No ethnic group predominates in the government or the security forces, and political parties are not based on ethnicity. There have been long-standing tensions between the marginalized Moor and Tuareg pastoralist groups and the more populous nonpastoralist groups; these tension have been a main cause of political instability and violence, including the Tuareg rebellions of the early 1990s. A 1995 agreement ended the brutal, multisided conflicts between Tuareg guerrillas, black ethnic militias, and government troops.

Although the constitution prohibits forced labor, thousands of Malian children have been sold into servitude on coffee and cocoa plantations in neighboring Cote d'Ivoire by organized traffickers. Mali now requires children under 18 to carry travel documents; a law that made child trafficking punishable by up to 20 years in prison was enacted in 2001.

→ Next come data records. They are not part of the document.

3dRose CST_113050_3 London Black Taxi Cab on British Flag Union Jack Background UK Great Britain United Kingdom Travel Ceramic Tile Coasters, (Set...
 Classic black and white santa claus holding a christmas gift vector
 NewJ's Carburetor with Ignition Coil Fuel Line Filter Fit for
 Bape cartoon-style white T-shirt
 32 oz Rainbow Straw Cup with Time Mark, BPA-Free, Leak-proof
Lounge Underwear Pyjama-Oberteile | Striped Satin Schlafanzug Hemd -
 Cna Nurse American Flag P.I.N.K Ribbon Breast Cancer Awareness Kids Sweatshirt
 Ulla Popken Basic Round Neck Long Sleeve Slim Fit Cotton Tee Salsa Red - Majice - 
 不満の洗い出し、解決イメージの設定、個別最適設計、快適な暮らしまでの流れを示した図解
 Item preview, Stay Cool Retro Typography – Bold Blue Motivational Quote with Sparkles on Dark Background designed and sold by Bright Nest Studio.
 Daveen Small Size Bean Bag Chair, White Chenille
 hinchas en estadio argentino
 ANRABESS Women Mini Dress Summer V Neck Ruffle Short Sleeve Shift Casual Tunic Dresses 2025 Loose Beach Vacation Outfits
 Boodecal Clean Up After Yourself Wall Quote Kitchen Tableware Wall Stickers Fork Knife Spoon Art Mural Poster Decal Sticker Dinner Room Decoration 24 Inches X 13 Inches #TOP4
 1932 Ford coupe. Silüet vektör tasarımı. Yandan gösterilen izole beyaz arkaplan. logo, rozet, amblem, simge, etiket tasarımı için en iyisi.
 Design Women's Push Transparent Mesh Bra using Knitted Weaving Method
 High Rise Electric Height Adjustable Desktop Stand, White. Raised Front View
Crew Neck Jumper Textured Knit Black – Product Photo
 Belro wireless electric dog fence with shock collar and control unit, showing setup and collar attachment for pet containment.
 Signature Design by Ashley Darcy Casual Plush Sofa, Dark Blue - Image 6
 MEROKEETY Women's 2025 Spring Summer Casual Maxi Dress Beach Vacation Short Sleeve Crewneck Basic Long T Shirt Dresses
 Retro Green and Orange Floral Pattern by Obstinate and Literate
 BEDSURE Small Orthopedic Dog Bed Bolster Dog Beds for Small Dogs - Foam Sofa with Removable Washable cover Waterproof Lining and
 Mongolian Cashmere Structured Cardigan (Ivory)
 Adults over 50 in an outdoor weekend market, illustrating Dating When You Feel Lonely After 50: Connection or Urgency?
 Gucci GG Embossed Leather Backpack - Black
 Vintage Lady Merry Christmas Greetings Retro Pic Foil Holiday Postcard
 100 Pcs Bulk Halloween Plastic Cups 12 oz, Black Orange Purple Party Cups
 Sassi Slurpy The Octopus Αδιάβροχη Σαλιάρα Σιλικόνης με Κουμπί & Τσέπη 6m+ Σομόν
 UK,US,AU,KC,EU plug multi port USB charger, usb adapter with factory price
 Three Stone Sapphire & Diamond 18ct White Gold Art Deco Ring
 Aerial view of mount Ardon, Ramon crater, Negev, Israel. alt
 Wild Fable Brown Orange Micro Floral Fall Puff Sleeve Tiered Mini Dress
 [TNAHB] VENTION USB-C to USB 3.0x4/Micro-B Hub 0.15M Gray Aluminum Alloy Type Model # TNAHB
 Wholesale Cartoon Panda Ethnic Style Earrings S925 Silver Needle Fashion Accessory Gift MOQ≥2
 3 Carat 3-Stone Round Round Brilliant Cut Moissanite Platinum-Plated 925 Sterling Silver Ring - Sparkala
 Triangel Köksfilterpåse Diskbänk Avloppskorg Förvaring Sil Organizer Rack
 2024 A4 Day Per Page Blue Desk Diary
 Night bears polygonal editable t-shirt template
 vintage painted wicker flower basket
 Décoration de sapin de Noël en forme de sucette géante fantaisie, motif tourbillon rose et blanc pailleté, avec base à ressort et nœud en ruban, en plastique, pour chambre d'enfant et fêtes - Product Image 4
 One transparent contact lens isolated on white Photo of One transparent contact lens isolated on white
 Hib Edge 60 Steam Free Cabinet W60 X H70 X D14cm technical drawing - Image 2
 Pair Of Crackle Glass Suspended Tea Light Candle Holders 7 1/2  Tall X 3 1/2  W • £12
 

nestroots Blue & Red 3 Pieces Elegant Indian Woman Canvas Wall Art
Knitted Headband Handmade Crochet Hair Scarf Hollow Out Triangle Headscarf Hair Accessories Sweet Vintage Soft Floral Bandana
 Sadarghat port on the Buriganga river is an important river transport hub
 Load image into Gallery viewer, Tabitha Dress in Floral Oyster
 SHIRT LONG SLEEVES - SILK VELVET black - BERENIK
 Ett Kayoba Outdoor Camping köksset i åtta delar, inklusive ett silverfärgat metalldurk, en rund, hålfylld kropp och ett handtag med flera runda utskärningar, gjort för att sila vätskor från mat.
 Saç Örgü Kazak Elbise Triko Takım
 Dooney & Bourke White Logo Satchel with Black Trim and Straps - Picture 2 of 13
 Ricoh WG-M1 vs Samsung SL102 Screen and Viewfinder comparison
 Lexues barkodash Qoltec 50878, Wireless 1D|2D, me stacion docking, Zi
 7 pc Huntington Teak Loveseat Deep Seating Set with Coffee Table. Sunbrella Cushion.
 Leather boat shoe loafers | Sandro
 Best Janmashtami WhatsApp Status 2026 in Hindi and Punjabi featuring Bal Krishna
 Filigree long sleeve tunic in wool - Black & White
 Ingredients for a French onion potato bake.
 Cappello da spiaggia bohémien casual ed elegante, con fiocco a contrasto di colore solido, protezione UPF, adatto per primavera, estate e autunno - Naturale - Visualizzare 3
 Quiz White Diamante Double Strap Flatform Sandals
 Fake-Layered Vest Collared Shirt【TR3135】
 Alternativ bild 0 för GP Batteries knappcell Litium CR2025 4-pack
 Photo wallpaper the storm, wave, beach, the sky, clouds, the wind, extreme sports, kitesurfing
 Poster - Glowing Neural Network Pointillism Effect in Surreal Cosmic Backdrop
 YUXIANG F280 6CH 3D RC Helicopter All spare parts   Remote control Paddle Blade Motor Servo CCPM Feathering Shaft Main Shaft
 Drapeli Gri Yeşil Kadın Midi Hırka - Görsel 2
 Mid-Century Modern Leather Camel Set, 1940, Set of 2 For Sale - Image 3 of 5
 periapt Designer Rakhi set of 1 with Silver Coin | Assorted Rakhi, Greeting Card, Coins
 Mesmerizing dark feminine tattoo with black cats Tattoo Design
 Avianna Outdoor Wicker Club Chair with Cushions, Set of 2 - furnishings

The UN Human Rights Committee concluded in April that further work needs to be done to improve women's rights, specifically regarding marriage, divorce, inheritance, land ownership, and domestic violence. Most formal legal advances in protection of women's rights have not been implemented, especially in rural areas. Societal discrimination against women persists, and social and cultural factors continue to limit their economic and educational opportunities. Legislation gives women property rights, but traditional practices and ignorance prevent many from taking advantage of the laws. Violence against women, including spousal abuse, is tolerated and common. Female genital mutilation remains legal, although the government has conducted educational campaigns against the practice. Numerous groups promote the rights of women and children.